▸ AIM OF THE TASK: From the entries below, output the line with "2016 VW Golf" and each following line up to and including the line with "Vestido mini crochet", exactly as written.

Records contained in a dataset:
◇ ◇ ◇ ◇ ◇ ◇ ◇

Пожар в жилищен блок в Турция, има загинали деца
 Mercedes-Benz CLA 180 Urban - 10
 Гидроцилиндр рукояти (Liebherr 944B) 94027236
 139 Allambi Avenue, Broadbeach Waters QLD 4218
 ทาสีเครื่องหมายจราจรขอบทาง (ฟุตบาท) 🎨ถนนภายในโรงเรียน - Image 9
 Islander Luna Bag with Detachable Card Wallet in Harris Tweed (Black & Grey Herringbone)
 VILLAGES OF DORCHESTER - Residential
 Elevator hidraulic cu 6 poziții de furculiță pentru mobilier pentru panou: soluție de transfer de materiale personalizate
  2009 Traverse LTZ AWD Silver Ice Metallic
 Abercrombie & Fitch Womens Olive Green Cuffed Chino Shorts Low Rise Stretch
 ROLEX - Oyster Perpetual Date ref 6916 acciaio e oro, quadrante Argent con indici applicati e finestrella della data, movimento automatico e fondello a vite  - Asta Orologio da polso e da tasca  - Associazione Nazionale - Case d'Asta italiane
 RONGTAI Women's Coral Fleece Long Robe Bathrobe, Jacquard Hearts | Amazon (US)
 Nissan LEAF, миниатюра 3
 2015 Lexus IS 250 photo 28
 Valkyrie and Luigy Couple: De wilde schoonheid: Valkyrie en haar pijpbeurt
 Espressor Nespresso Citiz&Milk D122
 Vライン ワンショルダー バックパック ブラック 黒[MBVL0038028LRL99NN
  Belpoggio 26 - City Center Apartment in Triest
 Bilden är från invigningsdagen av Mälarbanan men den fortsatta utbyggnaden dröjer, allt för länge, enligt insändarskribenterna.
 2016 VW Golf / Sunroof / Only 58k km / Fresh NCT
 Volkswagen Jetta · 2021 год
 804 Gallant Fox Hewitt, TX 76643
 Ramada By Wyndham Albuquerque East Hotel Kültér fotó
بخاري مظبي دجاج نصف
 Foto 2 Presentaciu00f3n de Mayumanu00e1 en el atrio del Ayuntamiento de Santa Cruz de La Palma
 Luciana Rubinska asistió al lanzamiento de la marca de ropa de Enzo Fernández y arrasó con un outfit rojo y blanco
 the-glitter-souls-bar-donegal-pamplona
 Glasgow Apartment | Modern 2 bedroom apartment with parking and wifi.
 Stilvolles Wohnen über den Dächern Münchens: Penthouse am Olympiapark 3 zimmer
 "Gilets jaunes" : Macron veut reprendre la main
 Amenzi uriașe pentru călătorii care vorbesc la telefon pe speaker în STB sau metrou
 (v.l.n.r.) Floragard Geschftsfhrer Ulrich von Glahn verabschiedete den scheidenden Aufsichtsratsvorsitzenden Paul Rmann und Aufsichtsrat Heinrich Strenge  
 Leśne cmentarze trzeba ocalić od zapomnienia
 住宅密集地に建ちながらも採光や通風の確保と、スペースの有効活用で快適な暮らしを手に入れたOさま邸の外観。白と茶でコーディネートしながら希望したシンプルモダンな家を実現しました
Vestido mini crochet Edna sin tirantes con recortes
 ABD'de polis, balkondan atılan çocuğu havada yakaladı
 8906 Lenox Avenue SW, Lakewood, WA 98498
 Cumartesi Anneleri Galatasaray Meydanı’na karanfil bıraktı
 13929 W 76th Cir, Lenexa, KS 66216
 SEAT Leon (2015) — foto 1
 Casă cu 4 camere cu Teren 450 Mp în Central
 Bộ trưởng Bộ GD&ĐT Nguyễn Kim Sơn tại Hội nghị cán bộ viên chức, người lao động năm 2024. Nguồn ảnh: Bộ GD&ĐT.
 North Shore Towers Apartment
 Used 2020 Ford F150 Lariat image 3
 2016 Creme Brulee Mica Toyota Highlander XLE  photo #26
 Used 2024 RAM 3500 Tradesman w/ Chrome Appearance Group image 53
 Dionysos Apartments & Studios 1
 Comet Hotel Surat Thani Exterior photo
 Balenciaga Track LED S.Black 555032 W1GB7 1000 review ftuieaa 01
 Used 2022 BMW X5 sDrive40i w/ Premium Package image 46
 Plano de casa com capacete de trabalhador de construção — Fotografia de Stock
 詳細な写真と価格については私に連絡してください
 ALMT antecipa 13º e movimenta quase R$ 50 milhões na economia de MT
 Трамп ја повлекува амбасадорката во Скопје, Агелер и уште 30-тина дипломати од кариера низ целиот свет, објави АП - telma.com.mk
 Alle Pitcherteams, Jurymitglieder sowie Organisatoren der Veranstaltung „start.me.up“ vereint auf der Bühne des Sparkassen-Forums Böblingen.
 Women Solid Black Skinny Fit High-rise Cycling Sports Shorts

◇ ◇ ◇ ◇ ◇ ◇ ◇

▸ RESULT OF THE EXERCISE:
 2016 VW Golf / Sunroof / Only 58k km / Fresh NCT
 Volkswagen Jetta · 2021 год
 804 Gallant Fox Hewitt, TX 76643
 Ramada By Wyndham Albuquerque East Hotel Kültér fotó
بخاري مظبي دجاج نصف
 Foto 2 Presentaciu00f3n de Mayumanu00e1 en el atrio del Ayuntamiento de Santa Cruz de La Palma
 Luciana Rubinska asistió al lanzamiento de la marca de ropa de Enzo Fernández y arrasó con un outfit rojo y blanco
 the-glitter-souls-bar-donegal-pamplona
 Glasgow Apartment | Modern 2 bedroom apartment with parking and wifi.
 Stilvolles Wohnen über den Dächern Münchens: Penthouse am Olympiapark 3 zimmer
 "Gilets jaunes" : Macron veut reprendre la main
 Amenzi uriașe pentru călătorii care vorbesc la telefon pe speaker în STB sau metrou
 (v.l.n.r.) Floragard Geschftsfhrer Ulrich von Glahn verabschiedete den scheidenden Aufsichtsratsvorsitzenden Paul Rmann und Aufsichtsrat Heinrich Strenge  
 Leśne cmentarze trzeba ocalić od zapomnienia
 住宅密集地に建ちながらも採光や通風の確保と、スペースの有効活用で快適な暮らしを手に入れたOさま邸の外観。白と茶でコーディネートしながら希望したシンプルモダンな家を実現しました
Vestido mini crochet Edna sin tirantes con recortes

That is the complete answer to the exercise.